Extracted information START
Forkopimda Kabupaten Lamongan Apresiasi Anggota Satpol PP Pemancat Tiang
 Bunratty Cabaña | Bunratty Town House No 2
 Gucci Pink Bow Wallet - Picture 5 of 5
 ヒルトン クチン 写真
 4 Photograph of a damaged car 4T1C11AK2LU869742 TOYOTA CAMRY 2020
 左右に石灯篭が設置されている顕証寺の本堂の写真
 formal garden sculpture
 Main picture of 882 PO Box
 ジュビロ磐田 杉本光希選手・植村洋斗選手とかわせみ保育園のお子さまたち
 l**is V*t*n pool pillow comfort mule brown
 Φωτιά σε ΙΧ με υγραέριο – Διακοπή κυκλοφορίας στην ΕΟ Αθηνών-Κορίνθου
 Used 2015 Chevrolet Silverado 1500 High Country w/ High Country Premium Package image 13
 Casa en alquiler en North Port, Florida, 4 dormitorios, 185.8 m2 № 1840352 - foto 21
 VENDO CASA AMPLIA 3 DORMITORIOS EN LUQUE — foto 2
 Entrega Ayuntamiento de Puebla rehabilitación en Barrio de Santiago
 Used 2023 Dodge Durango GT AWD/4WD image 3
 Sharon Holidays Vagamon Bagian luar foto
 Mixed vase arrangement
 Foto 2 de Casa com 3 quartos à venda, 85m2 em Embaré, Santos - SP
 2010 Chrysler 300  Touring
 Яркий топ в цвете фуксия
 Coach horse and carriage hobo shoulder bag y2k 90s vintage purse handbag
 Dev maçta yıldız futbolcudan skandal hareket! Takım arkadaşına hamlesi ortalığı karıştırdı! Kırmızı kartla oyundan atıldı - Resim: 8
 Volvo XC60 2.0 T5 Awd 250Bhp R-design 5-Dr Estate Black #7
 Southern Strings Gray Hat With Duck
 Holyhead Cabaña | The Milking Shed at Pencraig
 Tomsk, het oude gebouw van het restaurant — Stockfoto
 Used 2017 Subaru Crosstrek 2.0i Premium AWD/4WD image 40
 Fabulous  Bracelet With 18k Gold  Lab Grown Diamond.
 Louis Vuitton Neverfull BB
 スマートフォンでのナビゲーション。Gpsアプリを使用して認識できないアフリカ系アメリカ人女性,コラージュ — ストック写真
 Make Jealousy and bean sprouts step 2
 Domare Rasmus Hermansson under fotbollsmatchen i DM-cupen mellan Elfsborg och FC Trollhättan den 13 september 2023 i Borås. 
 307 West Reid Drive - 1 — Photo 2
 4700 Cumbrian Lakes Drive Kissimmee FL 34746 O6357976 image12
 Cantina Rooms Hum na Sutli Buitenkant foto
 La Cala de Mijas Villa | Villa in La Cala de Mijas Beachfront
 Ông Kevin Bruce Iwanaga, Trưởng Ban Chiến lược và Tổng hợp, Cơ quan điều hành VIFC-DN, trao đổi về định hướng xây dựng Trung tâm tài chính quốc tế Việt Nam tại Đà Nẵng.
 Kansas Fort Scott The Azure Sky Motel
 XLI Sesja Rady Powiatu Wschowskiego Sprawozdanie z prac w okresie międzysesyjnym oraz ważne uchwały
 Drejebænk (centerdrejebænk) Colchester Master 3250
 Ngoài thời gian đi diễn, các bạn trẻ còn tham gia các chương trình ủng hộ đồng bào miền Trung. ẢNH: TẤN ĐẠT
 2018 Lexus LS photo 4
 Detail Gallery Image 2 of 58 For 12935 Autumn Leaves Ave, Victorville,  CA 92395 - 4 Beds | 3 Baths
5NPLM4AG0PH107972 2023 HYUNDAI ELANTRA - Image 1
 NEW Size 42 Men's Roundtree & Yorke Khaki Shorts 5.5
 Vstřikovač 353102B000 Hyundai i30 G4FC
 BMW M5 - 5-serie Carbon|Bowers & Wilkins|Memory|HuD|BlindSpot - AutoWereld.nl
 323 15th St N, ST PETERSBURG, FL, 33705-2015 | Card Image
Extracted information END
▸ Work task:
Would you please return all lines of the data that include the word "Used"?

▸ Response for this exercise:
 Used 2015 Chevrolet Silverado 1500 High Country w/ High Country Premium Package image 13
 Used 2023 Dodge Durango GT AWD/4WD image 3
 Used 2017 Subaru Crosstrek 2.0i Premium AWD/4WD image 40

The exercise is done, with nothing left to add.